That's Paul writing a pop song. He makes 'em up like a novelist. You hear lots of McCartney-influenced songs on the radio now. These stories about boring people doing boring things — being postmen and secretaries and writing home. I'm not interested in writing third-party songs. I like to write about me, 'cuz I know me.

—John Lennon, 1980

Yeah, that was mine. It was based on the American meter maid. And I got the idea to just... you know, so many of my things, like 'When I'm Sixty-Four' and those, they're tongue in cheek! But they get taken for real!
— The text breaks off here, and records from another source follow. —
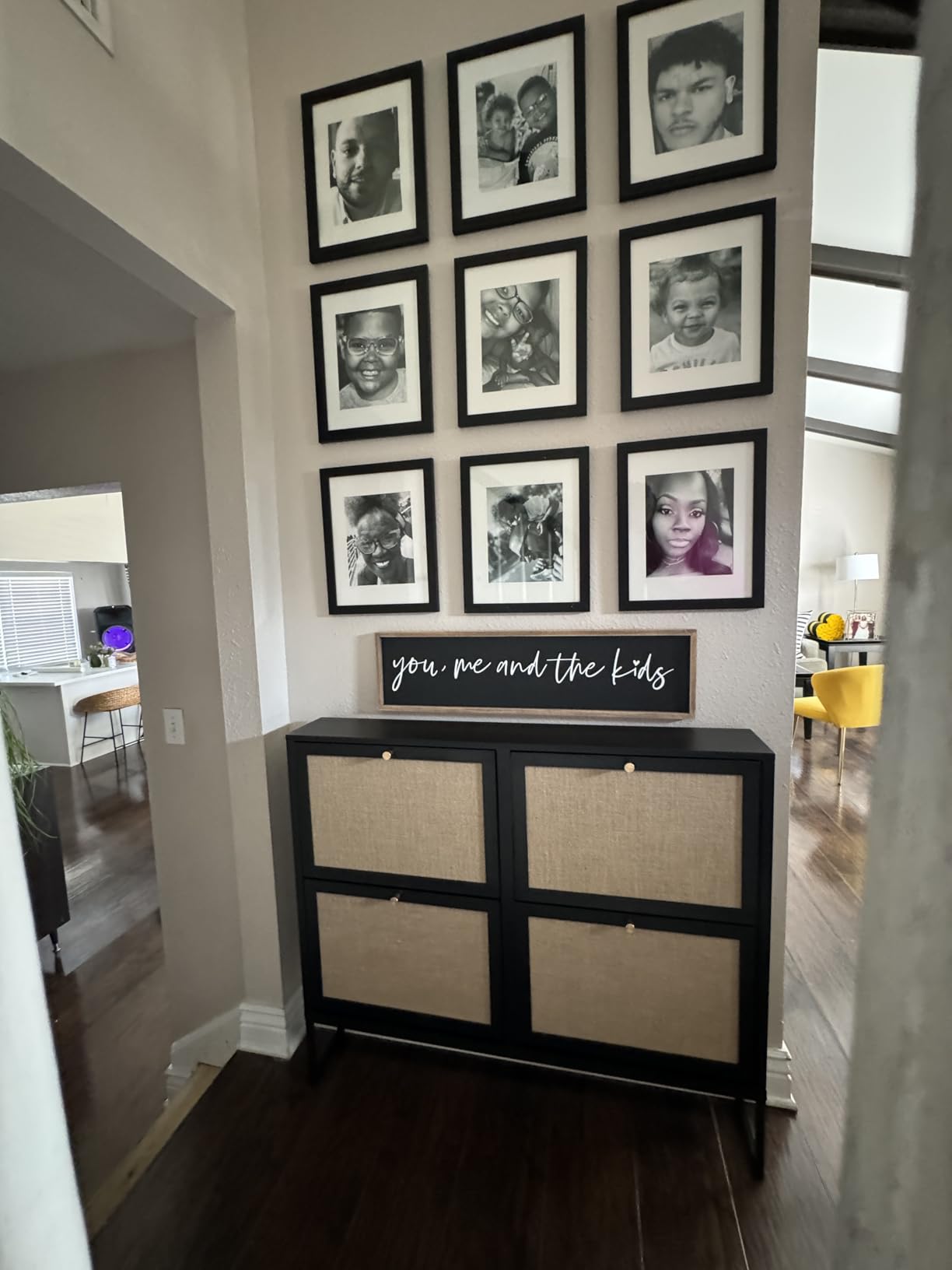 Giratree Shoe Cabinet, Shoe Cabinet Freestanding Tipping Bucket Shoe Rack Organizer with 2 3 4 Flip Drawers, Modern Entryway Narrow Shoe Rack for Entryway, Hallway, Bedroom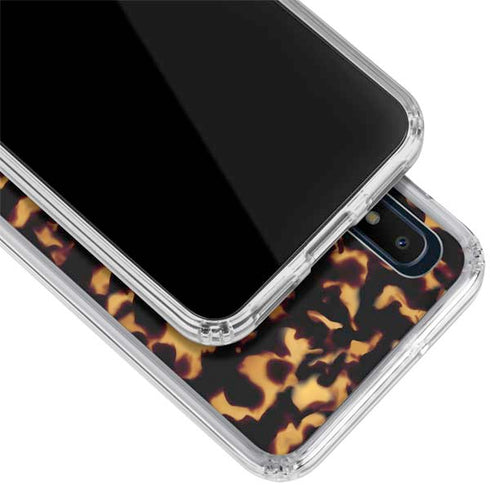 Tortoise Shell Galaxy A10e Clear Case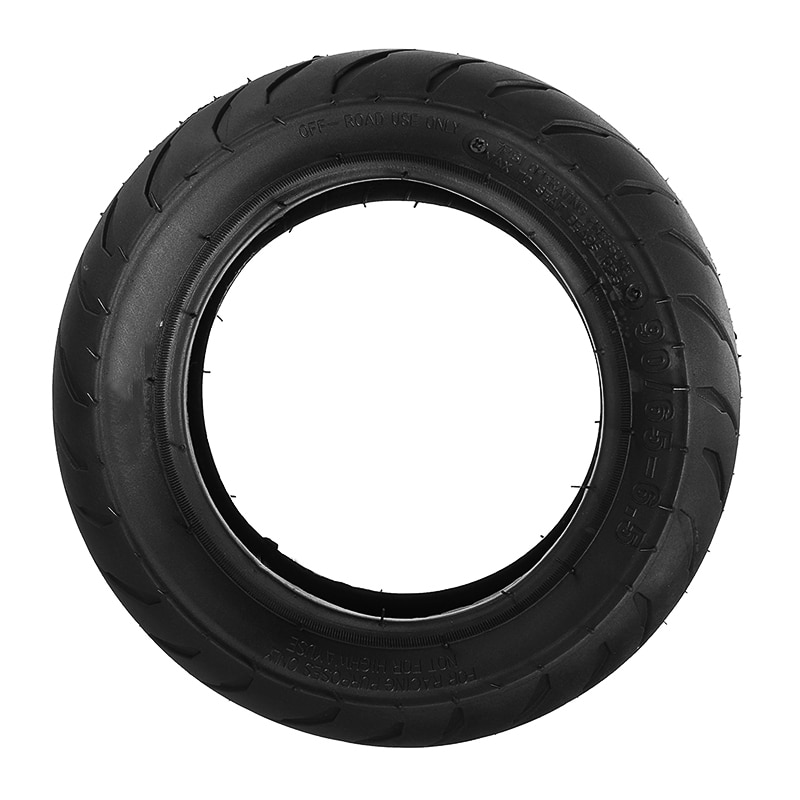 Neumáticos para Mini Moto de cross, con válvula de tubo curvo interno y neumático delantero trasero de 110/50/6, 5, 90/65/6 y 5, para Moto Mini de 47cc y 49cc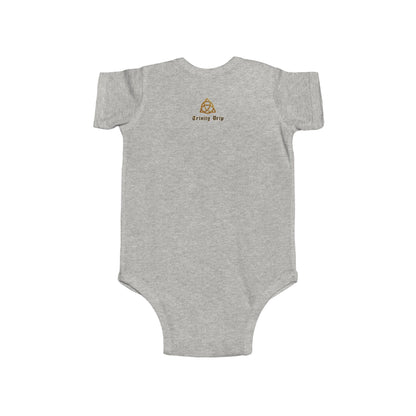 God's Child Candy Theme Hamsa Hand Baby Bodysuit — Infant Organic-Feel Onesie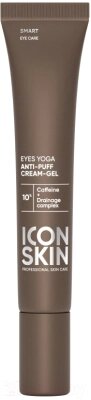 Крем для век Icon Skin Eyes Yoga Anti-Puff Cream-Gel от отеков от компании Бесплатная доставка по Беларуси - фото 1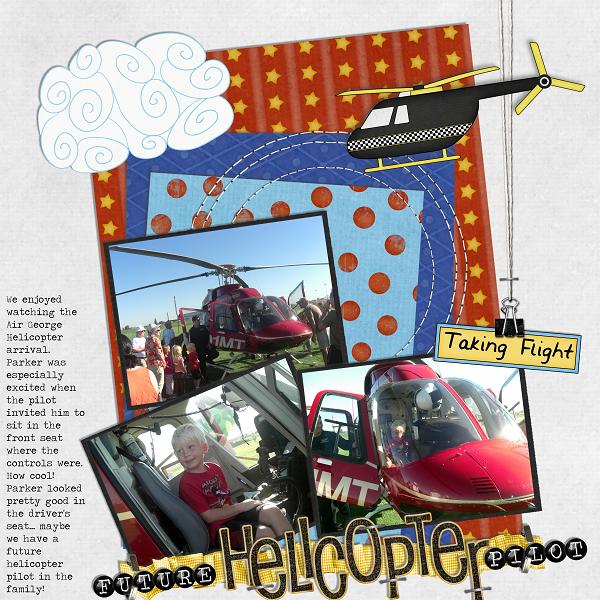 Future Helicopter Pilot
And similarly with 'Lovely Rita' — the idea of a parking-meter attendant's being sexy was tongue in cheek at the time.

—Paul McCartney, 1984

John Lennon led the backing vocals brigade, augmented with very heavy tape echo which, in turn, encouraged a little juvenile microphone messing: moaning, sighing and screaming for the end of the song plus cha-cha-chas and even the percussive sound of comb and toilet paper! 'John always wanted repeat echo in his headphones, it gave him more excitement,' says Geoff Emerick. 'They'd finished doing the vocal on 'Lovely Rita' and he just started fooling around, using the echo as his inspiration.'

—Mark Lewisohn, The Beatles Recording Sessions, 1988

We still weren't finished with the lovely lady: she had a big hole in the middle of her where a solo ought to be. 'Big' George (that's me) was elected to play said solo. I wanted a rippling honky-tonk piano sound, and got this by slowing the tape speed down to 41-and-a-quarter cycles, thereby reducing the pitch by three semitones. [...] When we brought the solo back up to normal speed again it sounded quite fast, and pretty good. Even better, it still sounded like a piano and not like a harpsichord, as double-speed piano tends to do. I also altered the sound of my piano on that solo by putting a spot of 'wow' on it. A very bad recording of a piano has a wobbly, wowing quality on the notes, which is a sound often produced by old tape-recorders. All the tape machines at EMI were top-line, however. How to destroy them? I put a tiny piece of editing tape on the capstan, which lifted the tape about a millimetre clear as it went over the roller. This put a bit of strain on the tape, making it oscillate and stretch just that little bit as it went round past the head. The effect as to give the piano the old-fashioned honky-tonk sound I was looking for.